Symbol table - how does it behave as number of symbols grow

dhjdhjdhj

I've implemented a system for doing chord recognition, using the cute trick I saw in an old discussion where a chord is converted to a symbol that can then be stored as a single entity in a coll.

I'm going to end up with thousands of these things because I want to be able to use arbitrary chords (with 1 to n notes) across an entire 88 note keyboard.

I'm assuming the symbol table is implemented as a hash table. If so, it presumably has a predefined max size (or can it grow?) and a way of handling collisions. So I'm wondering how big is the symbol table and how collisions are handled (linear search in a bucket would be horrible, for example).

Anyone know the big O function for this particular implementation as the number of symbols increases?

Thanks,
D

hz37

This may not be an answer to your question, but here it is anyway. I once learned from a much more experienced programmer than myself that if you have some sort of idea of what you are doing and a hint of the implementation of how to do that, you just move forward and start implementing it. Only if it turns out to be a bottleneck in terms of system performance you start optimising it, which might mean implementing a different way of using memory.

In your question, you already want to implement the feature with a coll object. Why not try it out? If you uzi a coll with 100,000 items, its retrieval performance is still fantastic in my opinion. You can default to writing and reading the coll contents to a file (as opposed to storing it in the patch), so you have the data in a nice and handy text file. Then see if this works for you. It might just do. If it doesn't, change the implementation.

There probably is a max size to coll, but I haven't come across it. I don't care beans if it's implemented as a hash. That's why I use max; it hides away all kinds of implementation details I don't care about. When I do care about those things, I use C++ or python or whatever the taste of the day is.

Good luck anyways, it sounds like an awesome idea!

dhjdhjdhj

Thanks for responding. Yes, we all know premature optimization is generally a bad thing. It's a "badder" thing if one is inexperienced which is why I always warn my students not to do it. (They still do though, and get into

--- EDIT
Don't know what happened here, but all the details I wrote of what I was actually doing did not seem to get posted.

Peter Castine

If you're recognizing octave equivalence (which is pretty standard), then you've only got 4,191 different pitch-class sets, which is a large, but still manageable, number of symbols.

If you're really going to try to recognize every possible combination of 1–n pitches as a different collection, you would potentially have (2^88)-1 items, although you'd never get around to creating all those items.

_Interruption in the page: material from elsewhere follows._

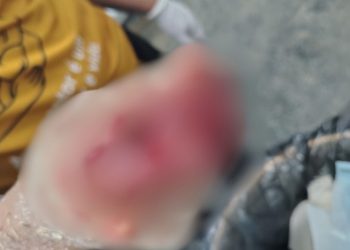 Em Tefé, mulher atinge a mão em lâmina de triturador enquanto cevava mandioca; veja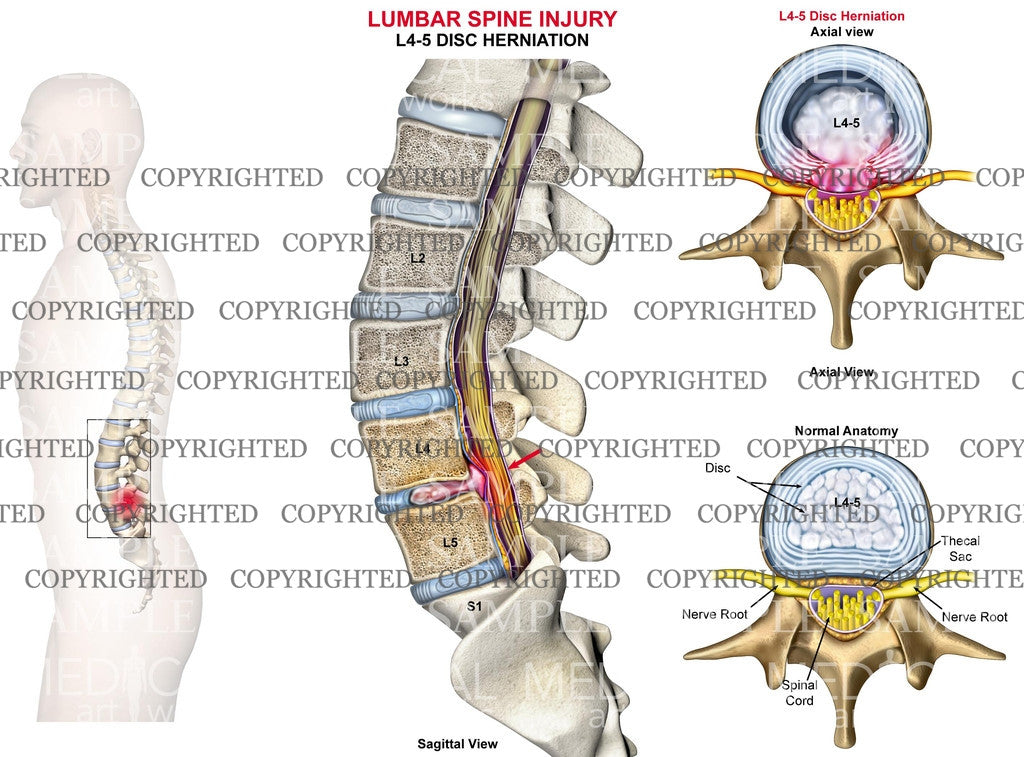 L4-5 Lumbar spine disc herniation - Male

Going back to octave equivalence and a maximum of 4,191 chords, it's generally more efficient to encode them as integers, using a bit of bit manipulation. I could write a book about this (in fact, I have written a book about this), but there are also some threads here discussing the technique. If there's interest I'll try to dig them up next time I'm on the forum.

dhjdhjdhj

Thanks, Peter. I am NOT doing octave equivalence. (Well, I did that first to some extent as it's cute to be able to see chord names as I play although I was using 2 octave equivalence as, for example, the chord C3 E3 F3 G3 is quite different from the chord F2 C3 E3 G3, a chord with a 2nd is different than a chord with a 9th)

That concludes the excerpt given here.